The GDPR Legal Framework — What Actually Applies
Three GDPR articles create the core compliance framework for recruitment software decisions. Understanding these is the starting point for any deployment evaluation.
| GDPR Article | What It Requires | Self-Hosted Impact | SaaS Impact |
|---|---|---|---|
| Article 5 — Data Minimisation | Collect only what is necessary for the stated purpose | Full control over what is collected | Dependent on vendor's data model |
| Article 17 — Right to Erasure | Delete personal data on request, within 30 days | Direct deletion — no vendor dependency | Requires vendor cooperation |
| Article 25 — Privacy by Design | Embed data protection into system design from the start | Architecture entirely under your control | Dependent on vendor's architectural choices |
| Article 28 — Data Processor Requirements | Binding DPA with every processor; specific clauses required | No third-party processor | Mandatory DPA — vendor's terms typically apply |
| Article 32 — Security of Processing | Appropriate technical and organisational security measures | Full control — encryption, access, audit | Dependent on vendor's security posture |
| Article 46 — Cross-Border Transfers | Adequate safeguards required for non-EEA data transfers | No cross-border transfer if on-premises | Risk if vendor infrastructure is outside EEA |
| Article 83 — Administrative Fines | Fines up to €20M or 4% annual global turnover | Full organisational accountability | Shared — but you remain the Data Controller |
The Cross-Border Transfer Problem — SaaS Specific
Most enterprise SaaS recruitment platforms are headquartered in the United States, with server infrastructure that may span multiple regions. Under GDPR, transferring personal data outside the EEA requires one of the following safeguards: an adequacy decision, Standard Contractual Clauses (SCCs), or Binding Corporate Rules.

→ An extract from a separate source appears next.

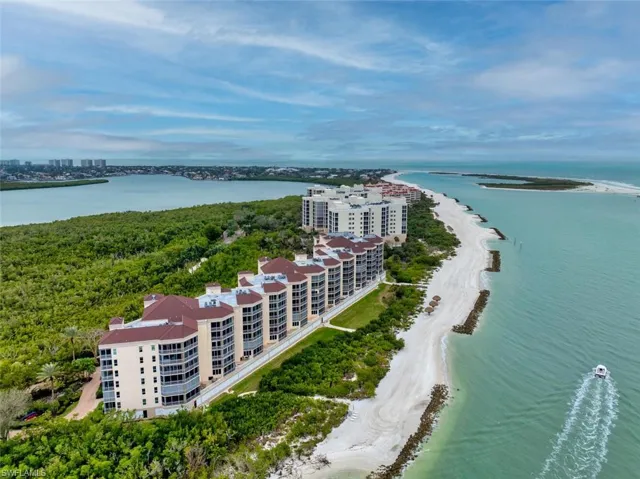 Aerial view with a water view and a view of the beach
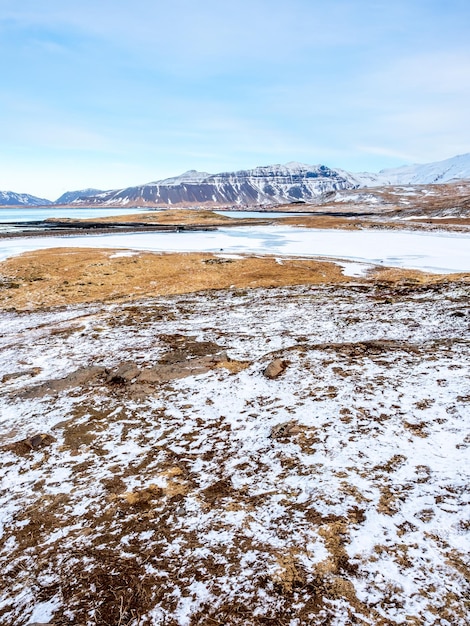 Vista panoramica intorno alla cascata di Kirkjufellfoss nel nord dell'Islanda e lo stagno di ghiaccio scivoloso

The UK-US Data Bridge (successor to Privacy Shield) provides a framework for US transfers — but only for US organisations that have self-certified under the framework. Before signing any SaaS ATS contract, your DPO should verify the vendor's transfer mechanism and jurisdiction.
"The question is not whether your SaaS vendor has a DPA. They all do. The question is whether their DPA gives your DPO the control they actually need — or just the appearance of it."
— Cognitosage Compliance TeamThe Decision Framework — Six Questions Your DPO Should Ask
Before selecting a deployment model, any organisation processing candidate data at scale should be able to answer the following six questions. The answers determine whether SaaS or self-hosted is the compliant choice for your specific context.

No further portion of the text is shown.